Your original will is also important. It is possible to probate a photocopy of a will if the original is lost in a fire or other disaster, but this is a bit more complicated and give persons challenging the will an opening to claim that the will was revoked by you instead of being destroyed in a fire. What this really means is that if you lose your original will, you should see your attorney, who should be able to reprint the will with today’s date on it and let you sign it again.

The most important thing to remember is that it’s only money. Whatever you do, don’t rush into a burning home or delay an evacuation to gather your trust documents. Keep it in perspective. Your health and safety are far more important.

Len & Rosie

Is your self-made Will valid?

Dear Len & Rosie,

I have some thought and worries about wills and probate. I have two pieces of property, each valued at $600,000 or so. I made out a will this year, copying most everything from a book at the library. Is my will good? I have enclosed a copy of my will and my property tax bills.

Lester

Dear Lester,

We read the photocopy of the will you sent with your letter. Your will is entirely typewritten, except for your signature at the bottom of the page. It has not been witnessed. This means that your homemade will won’t work. People like you make lawyers a lot of money.

There are two types of wills: attested wills, and holographic wills. Attested, or witnessed wills, are not valid unless the signature of the person making the will is witnessed by two adult witnesses who do not inherit anything under the will.

Holographic wills do not need to be witnessed, but they must be handwritten by the person making the will. California law recognizes holographic wills, because as it is much more difficult to forge an entire handwritten document instead of just an unwitnessed signature.

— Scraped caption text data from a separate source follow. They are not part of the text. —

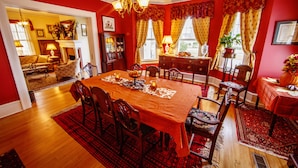 A dining room with a wooden table set for six, surrounded by chairs. - Bay Haven Inn of Cape Charles (Cape Charles)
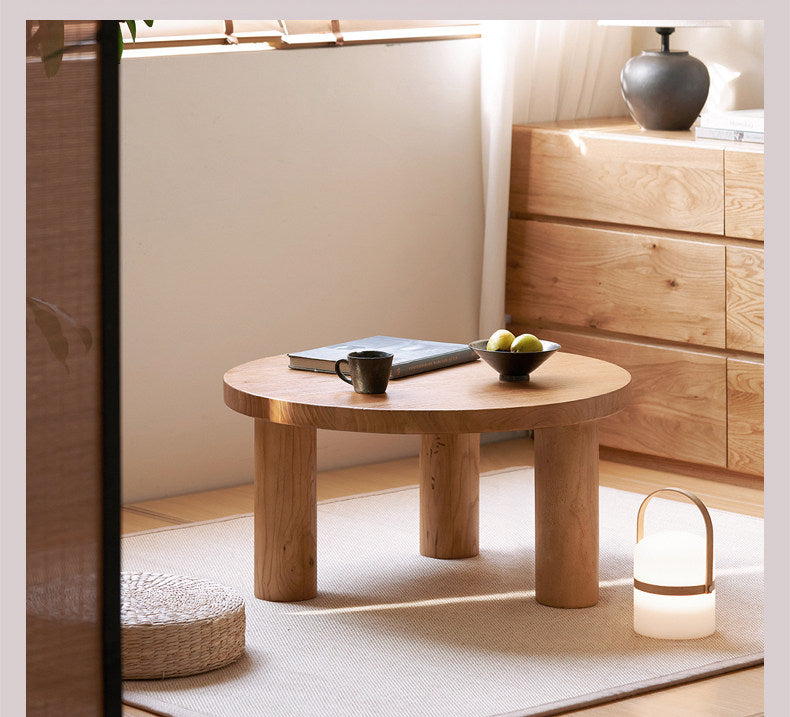 Elm Solid Wood Round Tea Table with Wind-Inspired Design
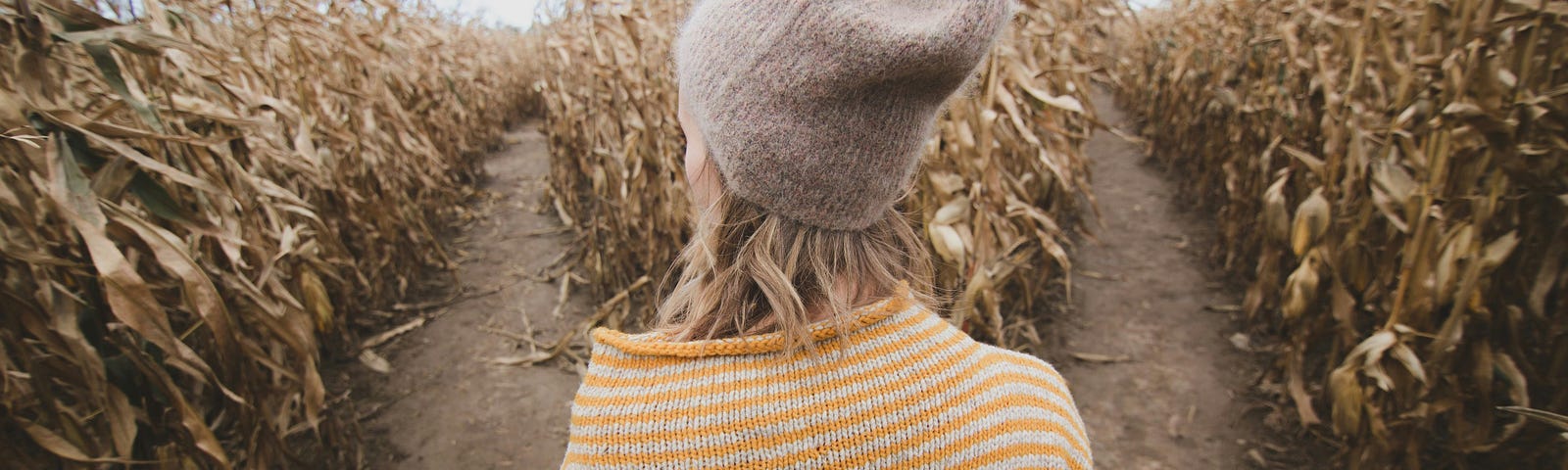 A woman stands at a fork in the path, contemplating which way to go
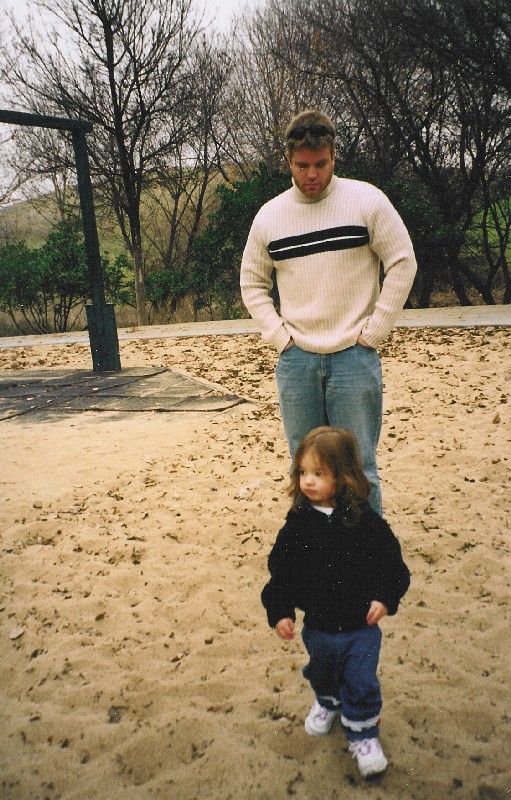 Daddy looking on as we roam through the park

Even if your will was validly executed, there are other problems with it, too many to go into in this space. We are also sure that you do not want all of our readers looking at your will. However, your will raises an important issue. Your will doesn’t give away your entire estate. There are a number of specified gifts, but there’s no “residue” clause giving away what’s left, if anything, after the specific gifts are fulfilled.

There is one saving grace. Your real estate is titled in joint tenancy with your wife, according to the property tax bills you sent us. When one of you dies, the surviving spouse will own both properties without going through probate.

If you make your own will, you are taking a big risk. Wills are very formal instruments and must be properly executed to be valid. It is very easy to make mistakes in drafting wills. Look at what you did. You do not want your loved ones to have problems probating your estate just because you wanted to save a few bucks. Wills are also cheap, and your attorney will even keep your wills for safekeeping for no charge, just on the chance he or she will pick up an nice fat probate after you die.

You should see an estate planning attorney about making a new will, and you should also consider a revocable trust. Probate will take more time and cost more money than it would to administer a trust after your death. The statutory attorney fees on your real property would be $25,000, and that does not count the rest of the assets you own.